待他们进去之后,“爹,她们怎么会突然来我们家?”云问香一想起以前她们所做的那些事就无比气愤。本来以为今生不会在与她们有交集,却没想到。
“你姑父去世了……”
“所以没人帮她们擦屁股,就找上了我们?”凭什么?以那两个祸事精的本事,小时候都能弄得人发疯,可想而知长大了会怎样?她还想多活几年。

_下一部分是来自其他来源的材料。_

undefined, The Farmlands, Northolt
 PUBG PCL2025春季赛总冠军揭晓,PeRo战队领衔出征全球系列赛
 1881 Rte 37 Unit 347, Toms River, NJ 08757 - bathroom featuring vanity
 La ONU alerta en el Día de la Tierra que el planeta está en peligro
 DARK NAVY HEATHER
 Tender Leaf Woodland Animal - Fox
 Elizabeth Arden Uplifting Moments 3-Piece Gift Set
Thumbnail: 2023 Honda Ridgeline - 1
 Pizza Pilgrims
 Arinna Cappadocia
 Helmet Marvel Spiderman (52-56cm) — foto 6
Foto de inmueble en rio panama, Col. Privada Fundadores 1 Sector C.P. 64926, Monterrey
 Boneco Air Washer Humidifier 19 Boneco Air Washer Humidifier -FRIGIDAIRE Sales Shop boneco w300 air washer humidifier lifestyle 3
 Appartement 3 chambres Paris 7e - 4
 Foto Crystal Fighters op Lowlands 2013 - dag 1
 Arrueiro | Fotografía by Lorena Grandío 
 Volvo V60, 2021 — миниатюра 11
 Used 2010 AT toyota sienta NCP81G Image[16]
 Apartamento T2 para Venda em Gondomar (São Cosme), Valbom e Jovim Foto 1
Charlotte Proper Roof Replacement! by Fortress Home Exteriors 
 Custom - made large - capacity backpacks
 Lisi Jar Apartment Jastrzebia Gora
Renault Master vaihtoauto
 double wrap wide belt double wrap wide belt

“哎!希望她们有所收敛吧。”想到这,云海也是一脸无奈。
“哼!最好是,不然有他好看,”现在的云问香可不是以前那个软弱可欺的小女孩。当然这还得拜她们所赐。
随后云问香就将她们抛之脑后,捂着胸口甜甜的傻笑。
“香儿,那位公子……香儿,香儿……”
“额,啊?哦,爹,你说什么?”云问香俏脸一红,放开捂着胸口的手。
“你这丫头,我是问你那位翩翩公子是谁?为什么你会和他在一起?”云海挑挑眉,若是他没记错的话,那小子好像拉了她女儿的手?
何止啊,抱也抱过了,亲也亲过了。还摸过了……
“他呀?就是……哦,对了,我还没问你咧,为什么他会说你又想诓他?你们是不是见过?”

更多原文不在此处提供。